Objections: 1. Il semble qu'on ne doive pas aimer par charité Dieu pour lui-même, mais pour autre chose. Car saint Grégoire dit (Hom. in Evang. xi) : C'est par les choses qu'il connaît que l'esprit apprend à aimer celles qu'il ne connaît pas. Or, il entend par choses inconnues, les choses intelligibles et divines, et par choses connues, les choses sensibles. On doit donc aimer Dieu pour autre chose que pour lui-même.
2. L'amour suit la connaissance. Or, on connaît Dieu par autre chose que par lui-même, d'après ces paroles de l'Apôtre (Rom. i, 20): Les choses invisibles de Dieu sont rendues intelligibles par celles qui ont été faites. On l'aime donc aussi pour autre chose que pour lui-même.

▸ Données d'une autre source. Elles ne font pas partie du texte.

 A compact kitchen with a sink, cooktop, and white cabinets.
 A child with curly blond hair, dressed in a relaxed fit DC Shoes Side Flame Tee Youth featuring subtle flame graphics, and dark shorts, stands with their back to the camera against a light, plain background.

3. L'espérance engendre la charité, comme le dit la glose (Glos. interl, in Matth, i). La crainte mène aussi à la charité, d'après saint Augustin (Tract, ix sup. prim. can. Joan.). Or, l'espérance s'attend à obtenir de Dieu quelque chose, tandis que la crainte fuit le châtiment qu'il peut infliger. Il semble donc qu'on doive aimer Dieu pour le bien qu'on en espère ou pour le mal qu'on en redoute, et par conséquent qu'on ne doive pas l'aimer pour lui-même.
En sens contraire Mais c'est le contraire. Comme le dit saint Augustin (De doct. christ, lib. i, cap. 4), jouir, c'est s'attacher à quelqu'un par amour pour lui. Or, nous devons jouir de Dieu, comme l'observe le même docteur (ibid., cap. 5). Nous devons donc aimer Dieu pour lui-même.
CONCLUSION. — Puisque Dieu est l'essence même de la bonté et la fin dernière de tous les êtres, on doit l'aimer pour lui-même, quoique par manière de disposition nous puissions l'aimer pour une autre chose qui nous porte à son amour.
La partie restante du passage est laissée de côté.